As a teenager I always kept myself busy during the summers with a job. Living overseas I taught English, I was a lifeguard, I taught swim lessons, and I even worked at a McDonald’s in Japan and I would have to yell “irasshaimasu” when people walked through the door! It was a great way to get out of the house, socialize, and make some extra cash. But did I save any of that?! Pshhh! I was too busy blowing that on karaoke and cute clothes in Tokyo!
I wish as a teen someone would have taught me good money habits. You know, the whole saving and investing thing?! I didn’t even know what investing meant back then. Now, whenever I have the opportunity to talk to teens about the power of saving and investing, after the initial eye-rolls, I see that aha! moment in their eyes. And here is why I very often recommend a Roth IRA to stash their summer cash!

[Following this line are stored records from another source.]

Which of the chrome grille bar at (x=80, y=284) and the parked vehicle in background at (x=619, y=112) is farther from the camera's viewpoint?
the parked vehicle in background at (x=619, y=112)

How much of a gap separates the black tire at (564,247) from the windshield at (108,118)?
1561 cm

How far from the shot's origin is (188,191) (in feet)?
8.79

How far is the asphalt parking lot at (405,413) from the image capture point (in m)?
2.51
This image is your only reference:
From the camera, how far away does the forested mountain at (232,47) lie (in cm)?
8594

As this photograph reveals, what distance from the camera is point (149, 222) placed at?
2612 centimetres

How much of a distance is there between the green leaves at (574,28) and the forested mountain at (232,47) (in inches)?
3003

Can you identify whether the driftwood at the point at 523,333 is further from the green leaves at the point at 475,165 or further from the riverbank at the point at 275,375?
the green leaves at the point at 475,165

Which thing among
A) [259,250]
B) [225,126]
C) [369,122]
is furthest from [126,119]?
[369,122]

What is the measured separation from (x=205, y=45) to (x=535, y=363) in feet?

Future Benefits of a Roth IRA
As long as your teen has earned income, meaning they reported their earnings to the IRS, they are able to contribute to a Roth IRA. The greatest benefit they have when it comes to investing now is time. Take a 15-year old who invests $2,500 into a Roth at the beginning of every summer. By the time they go off to college, assuming a 6% annual return, their investment would be worth $11,025! If they left it in there until age 65, having only contributed those first 3 years, their Roth IRA would be worth $205,100. That is the power of investing!!

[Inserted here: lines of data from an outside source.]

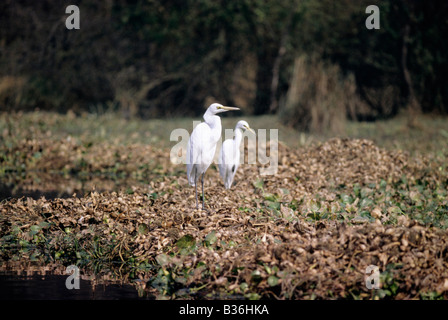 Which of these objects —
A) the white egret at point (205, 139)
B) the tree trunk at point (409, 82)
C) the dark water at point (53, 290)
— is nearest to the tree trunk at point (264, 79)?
the tree trunk at point (409, 82)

The other amazing benefit to Roth IRAs are that while your teen doesn’t receive a tax deduction for contributing, they really don’t need the tax deduction. And since they are putting in money that has already been taxed, their investment grows 100% tax-free! So when retirement does roll around (age 59 1/2 to be exact), that $205,100 sitting in there can come out without any worry about taxes.
Roth IRA – Not Just For Retirement
While the Roth IRA is technically a retirement account, it can be used on other things as well. As long as the account has been open for at least five years, a distribution can be made penalty-free and tax-free for a first-time home purchase up to $10,000 of earnings. Another benefit is that a Roth IRA can be used to pay for qualified education expenses without a penalty.

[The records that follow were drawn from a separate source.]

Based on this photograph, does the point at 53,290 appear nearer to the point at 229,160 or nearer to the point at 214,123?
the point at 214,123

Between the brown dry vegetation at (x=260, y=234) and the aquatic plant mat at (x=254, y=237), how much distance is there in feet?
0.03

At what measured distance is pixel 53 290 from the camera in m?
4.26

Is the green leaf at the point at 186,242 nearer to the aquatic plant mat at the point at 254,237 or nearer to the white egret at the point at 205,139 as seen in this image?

The benefits of a Roth IRA heavily outweigh the costs. For an easy summer job and the patience to let an investment grow over time, your teen can set themselves up for many future benefits. Currently the maximum you can contribute to a Roth in 2017 is $5,500, however if your teen only earned $500 for the year, $500 is the most they can contribute. My kids are still too young for this but when the time comes, I will certainly encourage them to save and invest. I may even set up an incentive such as for every dollar they invest, I will match that investment in their Roth (as long as it doesn’t exceed their earned income) because I’m sure they’re still going to want to spend some of their earnings. And remember it’s never too late to start with your own summer job!
Disclaimer: I am a CERTIFIED FINANCIAL PLANNER TM (CFP®), but I am not your CFP® or financial advisor. The information in this article is for general informational and entertainment purposes only and does not constitute financial advice. This article does not create a financial planner-client relationship. The author is not liable for any losses or damages related to actions or failure to act related to the content in this article. If you need specific financial advice, consult with a licensed financial advisor, or tax professional who can tailor advice regarding your specific circumstances. Additionally, sometimes I use affiliate links to support my website. This means I may earn a small commission, which is no additional cost to you, for referring and discussing products and services that I personally use, or have used and trust. Thanks for your support!